── Listed entries

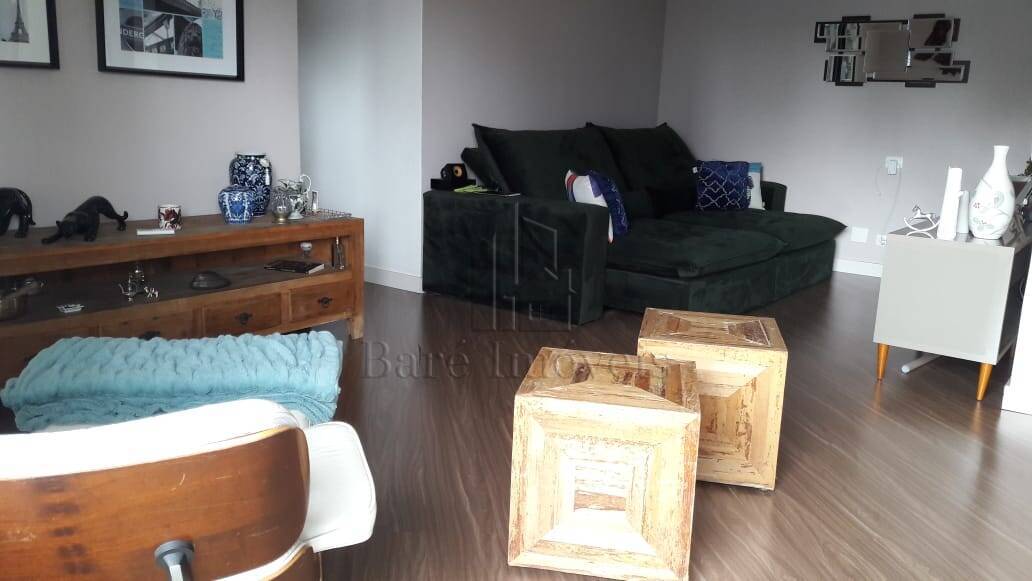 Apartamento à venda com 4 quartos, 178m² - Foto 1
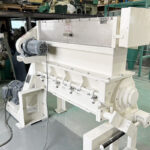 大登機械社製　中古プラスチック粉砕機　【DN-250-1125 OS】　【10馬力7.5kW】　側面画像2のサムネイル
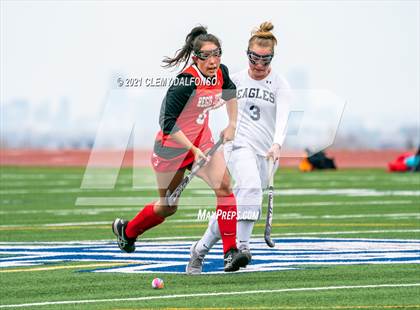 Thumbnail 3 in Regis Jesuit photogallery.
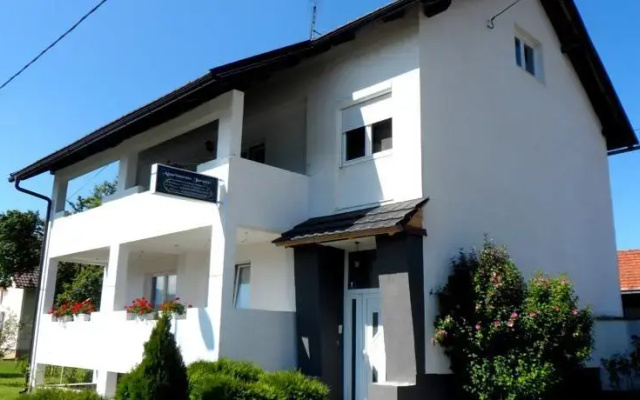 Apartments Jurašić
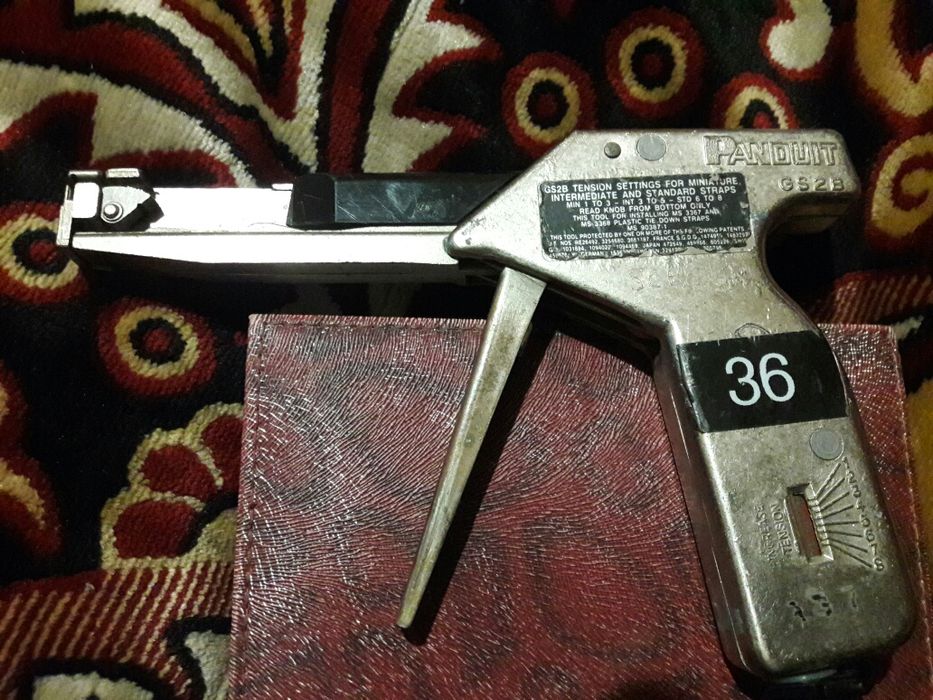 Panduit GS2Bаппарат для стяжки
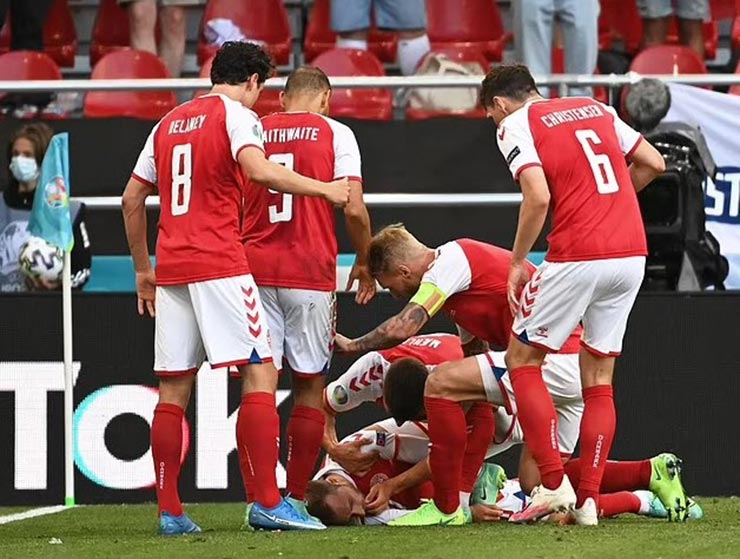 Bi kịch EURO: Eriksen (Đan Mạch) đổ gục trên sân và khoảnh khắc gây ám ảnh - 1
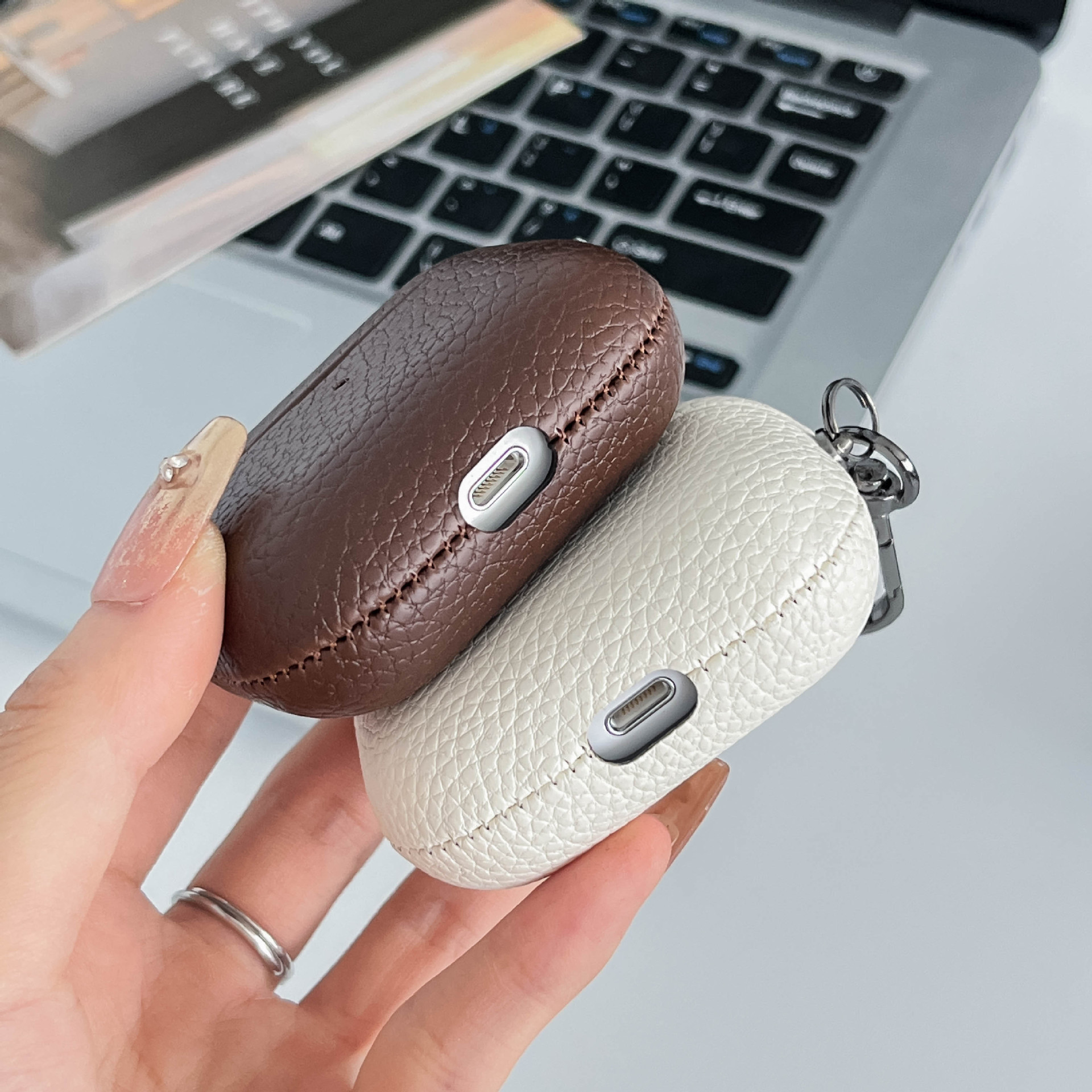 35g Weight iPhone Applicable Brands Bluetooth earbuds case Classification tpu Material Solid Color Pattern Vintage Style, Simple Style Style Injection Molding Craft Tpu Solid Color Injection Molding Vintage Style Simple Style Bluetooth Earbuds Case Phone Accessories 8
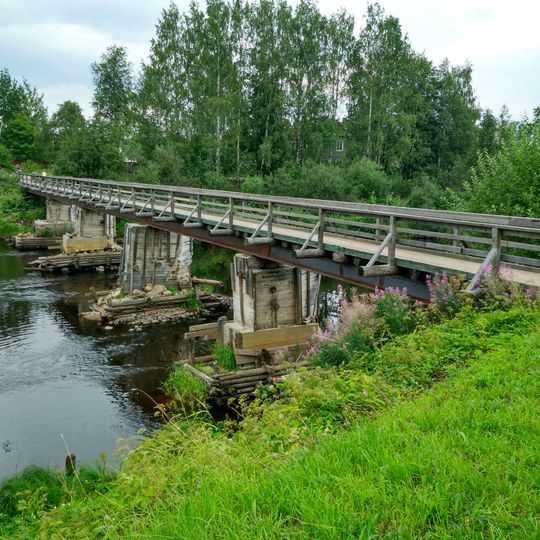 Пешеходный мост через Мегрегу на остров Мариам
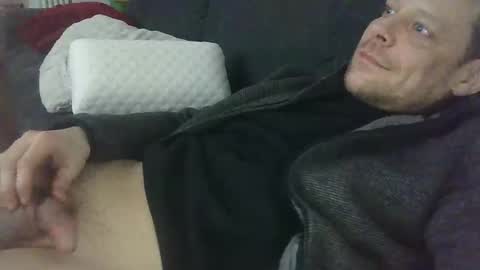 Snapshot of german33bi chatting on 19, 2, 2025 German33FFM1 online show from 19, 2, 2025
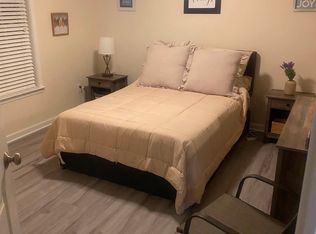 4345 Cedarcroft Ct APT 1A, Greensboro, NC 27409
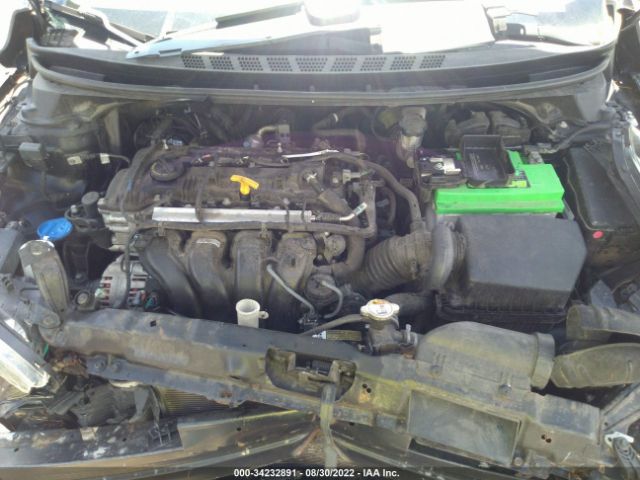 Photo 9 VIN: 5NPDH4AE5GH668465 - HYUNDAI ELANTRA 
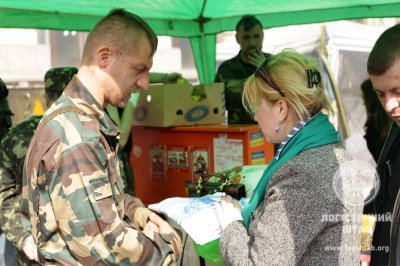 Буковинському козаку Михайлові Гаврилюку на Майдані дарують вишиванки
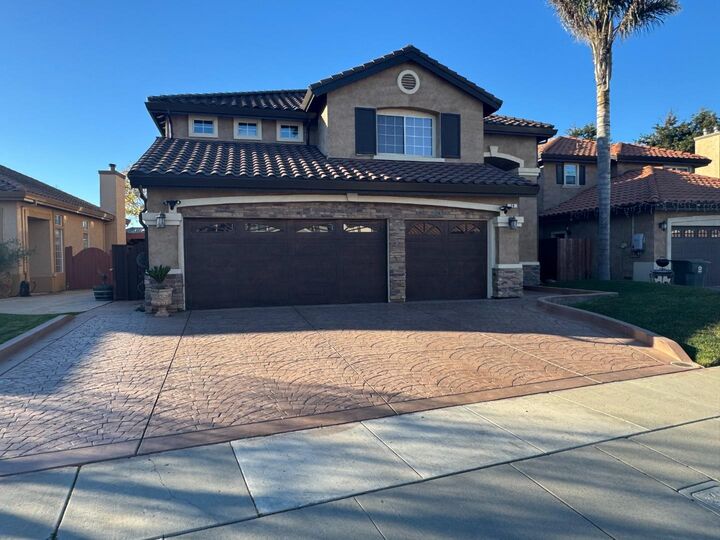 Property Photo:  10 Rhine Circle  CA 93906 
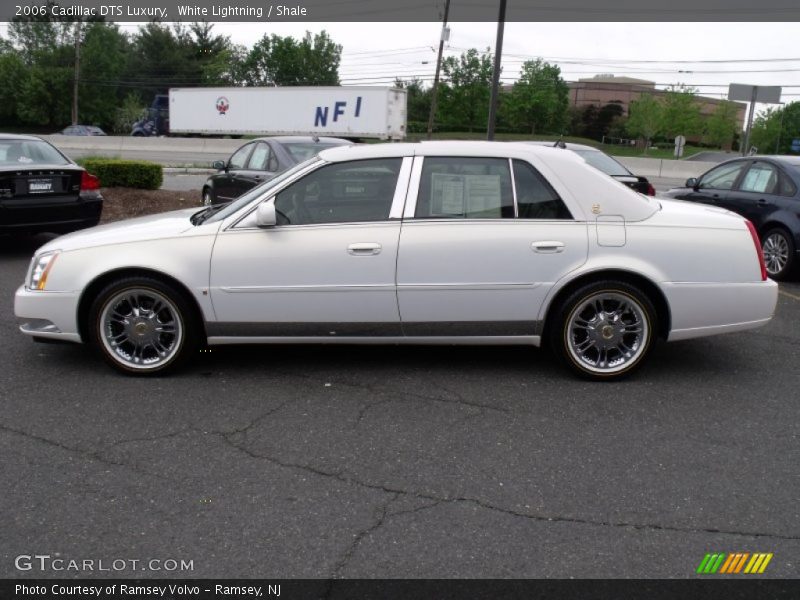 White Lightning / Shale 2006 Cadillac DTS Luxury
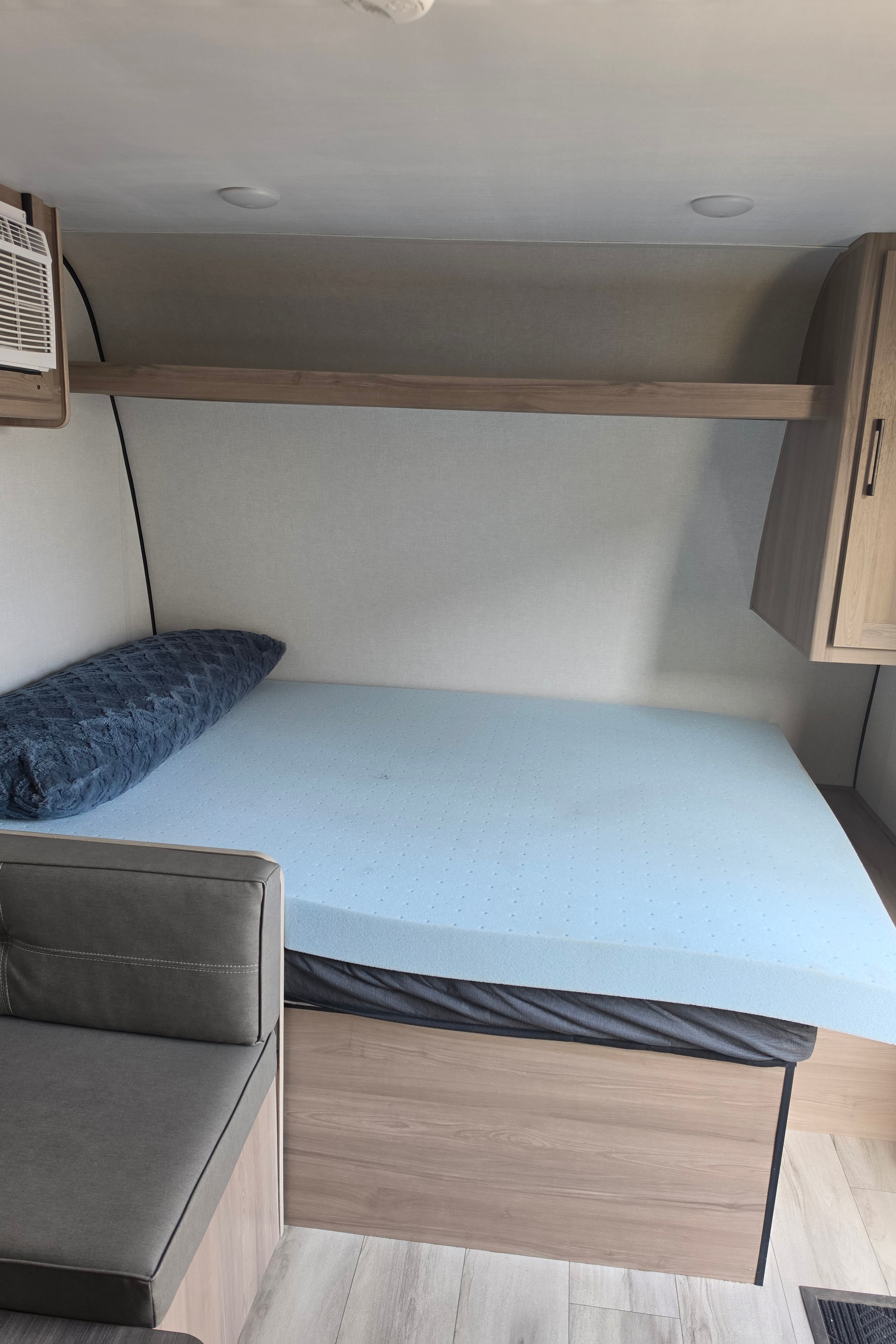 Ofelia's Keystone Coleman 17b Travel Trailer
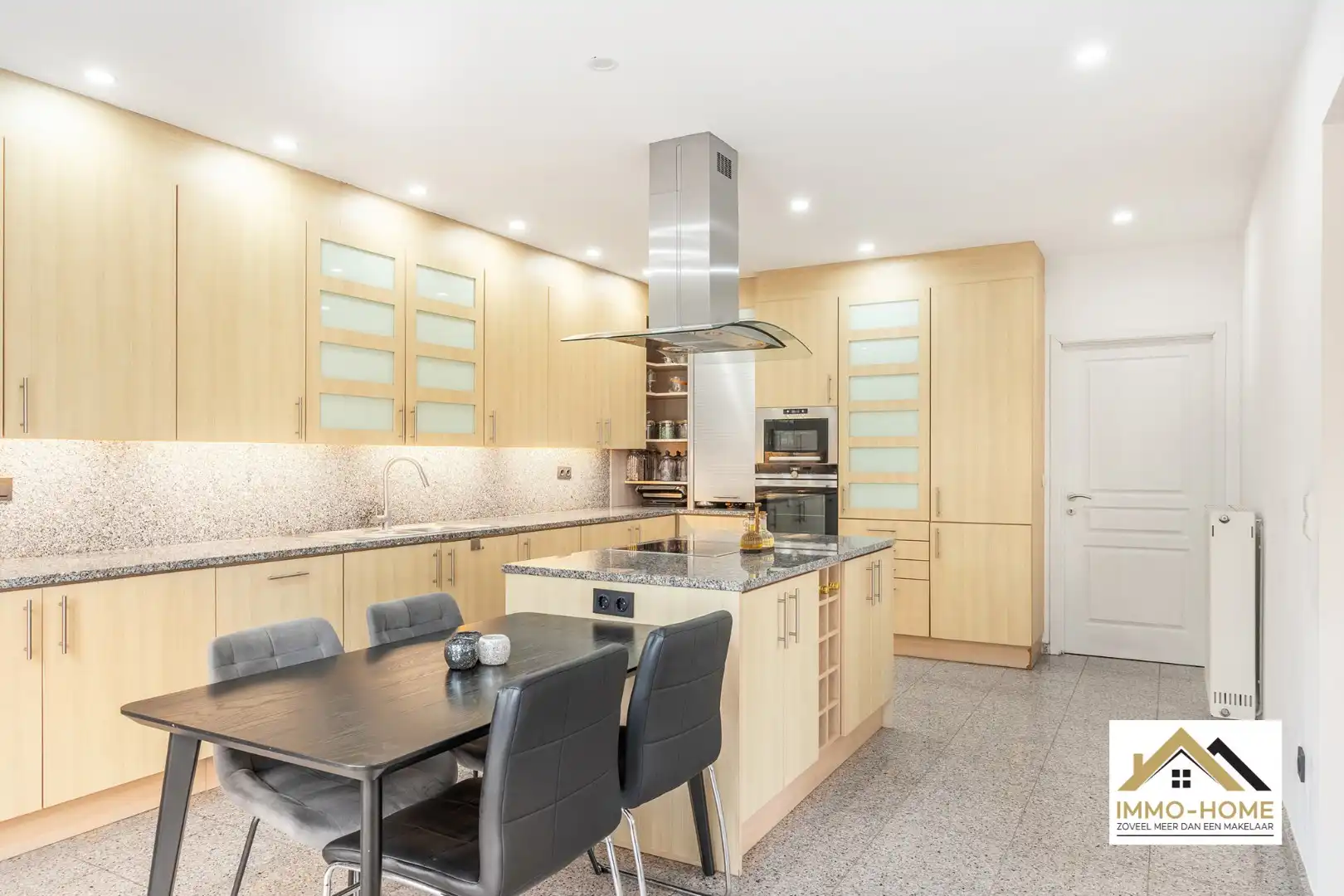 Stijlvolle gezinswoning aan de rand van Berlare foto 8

────

Problem to work on » In the records above, find the line containing "Пешеходный мост через" and output every line from the first through that one, exactly, omitting pictures.

Result of this task »
 Apartamento à venda com 4 quartos, 178m² - Foto 1
 大登機械社製　中古プラスチック粉砕機　【DN-250-1125 OS】　【10馬力7.5kW】　側面画像2のサムネイル
 Thumbnail 3 in Regis Jesuit photogallery.
 Apartments Jurašić
 Panduit GS2Bаппарат для стяжки
 Bi kịch EURO: Eriksen (Đan Mạch) đổ gục trên sân và khoảnh khắc gây ám ảnh - 1
 35g Weight iPhone Applicable Brands Bluetooth earbuds case Classification tpu Material Solid Color Pattern Vintage Style, Simple Style Style Injection Molding Craft Tpu Solid Color Injection Molding Vintage Style Simple Style Bluetooth Earbuds Case Phone Accessories 8
 Пешеходный мост через Мегрегу на остров Мариам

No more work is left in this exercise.